*** Extracted data Section Begins ***

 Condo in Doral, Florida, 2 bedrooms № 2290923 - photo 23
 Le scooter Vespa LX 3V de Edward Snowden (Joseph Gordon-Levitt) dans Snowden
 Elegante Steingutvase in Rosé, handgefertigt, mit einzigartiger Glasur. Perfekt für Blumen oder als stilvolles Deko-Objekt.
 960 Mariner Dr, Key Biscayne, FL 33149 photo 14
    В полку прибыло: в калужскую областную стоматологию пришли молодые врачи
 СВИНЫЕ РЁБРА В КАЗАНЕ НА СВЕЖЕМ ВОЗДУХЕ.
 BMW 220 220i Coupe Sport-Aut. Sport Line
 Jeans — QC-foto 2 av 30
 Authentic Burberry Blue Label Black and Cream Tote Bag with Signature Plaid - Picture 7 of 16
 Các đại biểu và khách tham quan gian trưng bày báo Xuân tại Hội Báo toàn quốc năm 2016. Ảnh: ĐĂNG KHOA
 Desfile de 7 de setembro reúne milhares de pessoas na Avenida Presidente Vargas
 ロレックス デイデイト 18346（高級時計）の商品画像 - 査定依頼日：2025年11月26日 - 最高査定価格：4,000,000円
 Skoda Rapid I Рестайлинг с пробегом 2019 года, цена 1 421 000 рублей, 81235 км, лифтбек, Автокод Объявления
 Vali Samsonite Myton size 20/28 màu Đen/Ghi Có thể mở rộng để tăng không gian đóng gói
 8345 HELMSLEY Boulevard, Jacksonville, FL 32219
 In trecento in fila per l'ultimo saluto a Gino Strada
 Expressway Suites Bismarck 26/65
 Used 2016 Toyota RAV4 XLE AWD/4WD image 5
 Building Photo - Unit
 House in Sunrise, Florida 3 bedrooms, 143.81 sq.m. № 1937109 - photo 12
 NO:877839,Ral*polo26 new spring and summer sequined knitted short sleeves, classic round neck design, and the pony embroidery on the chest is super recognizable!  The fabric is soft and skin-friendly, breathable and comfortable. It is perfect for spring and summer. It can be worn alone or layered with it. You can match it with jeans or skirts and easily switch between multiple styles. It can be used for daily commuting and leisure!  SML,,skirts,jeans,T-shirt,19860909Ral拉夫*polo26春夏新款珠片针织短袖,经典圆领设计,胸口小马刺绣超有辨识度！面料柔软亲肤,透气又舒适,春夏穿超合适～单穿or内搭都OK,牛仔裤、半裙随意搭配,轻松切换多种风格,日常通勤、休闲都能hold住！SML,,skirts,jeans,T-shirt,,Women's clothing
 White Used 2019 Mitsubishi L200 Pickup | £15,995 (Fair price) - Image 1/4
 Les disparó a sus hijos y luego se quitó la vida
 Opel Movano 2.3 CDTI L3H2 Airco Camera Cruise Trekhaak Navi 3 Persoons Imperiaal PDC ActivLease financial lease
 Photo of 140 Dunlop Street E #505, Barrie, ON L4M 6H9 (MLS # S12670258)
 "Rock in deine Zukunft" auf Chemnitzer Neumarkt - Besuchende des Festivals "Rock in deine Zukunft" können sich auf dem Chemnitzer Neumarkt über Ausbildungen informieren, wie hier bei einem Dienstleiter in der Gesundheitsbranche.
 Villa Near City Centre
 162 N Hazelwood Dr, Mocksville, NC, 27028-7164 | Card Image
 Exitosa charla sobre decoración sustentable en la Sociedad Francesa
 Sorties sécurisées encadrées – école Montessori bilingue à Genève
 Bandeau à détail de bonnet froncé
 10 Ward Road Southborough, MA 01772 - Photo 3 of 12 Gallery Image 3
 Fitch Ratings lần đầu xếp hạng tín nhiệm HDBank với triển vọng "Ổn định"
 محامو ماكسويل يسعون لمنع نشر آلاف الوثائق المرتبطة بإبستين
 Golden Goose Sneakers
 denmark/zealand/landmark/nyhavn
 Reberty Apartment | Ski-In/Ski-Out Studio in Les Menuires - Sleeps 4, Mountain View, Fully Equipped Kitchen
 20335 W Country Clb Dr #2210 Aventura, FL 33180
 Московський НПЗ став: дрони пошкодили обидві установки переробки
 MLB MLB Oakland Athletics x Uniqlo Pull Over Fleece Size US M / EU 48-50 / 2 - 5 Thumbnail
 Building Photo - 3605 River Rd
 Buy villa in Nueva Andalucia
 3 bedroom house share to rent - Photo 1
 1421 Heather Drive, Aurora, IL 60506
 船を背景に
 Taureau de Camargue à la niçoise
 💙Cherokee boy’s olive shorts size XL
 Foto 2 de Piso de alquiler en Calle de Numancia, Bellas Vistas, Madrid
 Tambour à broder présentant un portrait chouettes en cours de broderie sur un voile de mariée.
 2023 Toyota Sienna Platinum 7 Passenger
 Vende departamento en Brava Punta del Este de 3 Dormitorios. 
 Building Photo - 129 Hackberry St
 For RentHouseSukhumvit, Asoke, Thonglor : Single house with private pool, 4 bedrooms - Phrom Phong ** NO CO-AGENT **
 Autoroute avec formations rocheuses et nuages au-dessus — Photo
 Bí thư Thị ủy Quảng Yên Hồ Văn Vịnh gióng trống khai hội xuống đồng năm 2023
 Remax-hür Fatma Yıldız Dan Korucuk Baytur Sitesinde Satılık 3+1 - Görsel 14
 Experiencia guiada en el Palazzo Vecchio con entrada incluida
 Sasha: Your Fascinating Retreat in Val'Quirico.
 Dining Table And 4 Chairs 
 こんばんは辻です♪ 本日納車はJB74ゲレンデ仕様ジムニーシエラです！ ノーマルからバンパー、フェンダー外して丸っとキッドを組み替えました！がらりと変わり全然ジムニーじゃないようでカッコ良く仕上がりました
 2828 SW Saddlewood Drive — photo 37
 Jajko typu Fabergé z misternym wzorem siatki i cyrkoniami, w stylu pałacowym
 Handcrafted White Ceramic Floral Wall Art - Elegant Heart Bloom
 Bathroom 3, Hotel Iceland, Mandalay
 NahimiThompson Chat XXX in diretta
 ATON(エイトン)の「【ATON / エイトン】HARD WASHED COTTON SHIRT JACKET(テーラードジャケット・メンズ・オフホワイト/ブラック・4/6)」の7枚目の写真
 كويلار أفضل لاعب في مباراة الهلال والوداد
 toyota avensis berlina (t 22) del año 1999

*** Extracted data Section Ends ***

What to produce -> Transcribe the records from their first line. Stop after the line with "Authentic Burberry Blue", including it.

Written response ->
 Condo in Doral, Florida, 2 bedrooms № 2290923 - photo 23
 Le scooter Vespa LX 3V de Edward Snowden (Joseph Gordon-Levitt) dans Snowden
 Elegante Steingutvase in Rosé, handgefertigt, mit einzigartiger Glasur. Perfekt für Blumen oder als stilvolles Deko-Objekt.
 960 Mariner Dr, Key Biscayne, FL 33149 photo 14
    В полку прибыло: в калужскую областную стоматологию пришли молодые врачи
 СВИНЫЕ РЁБРА В КАЗАНЕ НА СВЕЖЕМ ВОЗДУХЕ.
 BMW 220 220i Coupe Sport-Aut. Sport Line
 Jeans — QC-foto 2 av 30
 Authentic Burberry Blue Label Black and Cream Tote Bag with Signature Plaid - Picture 7 of 16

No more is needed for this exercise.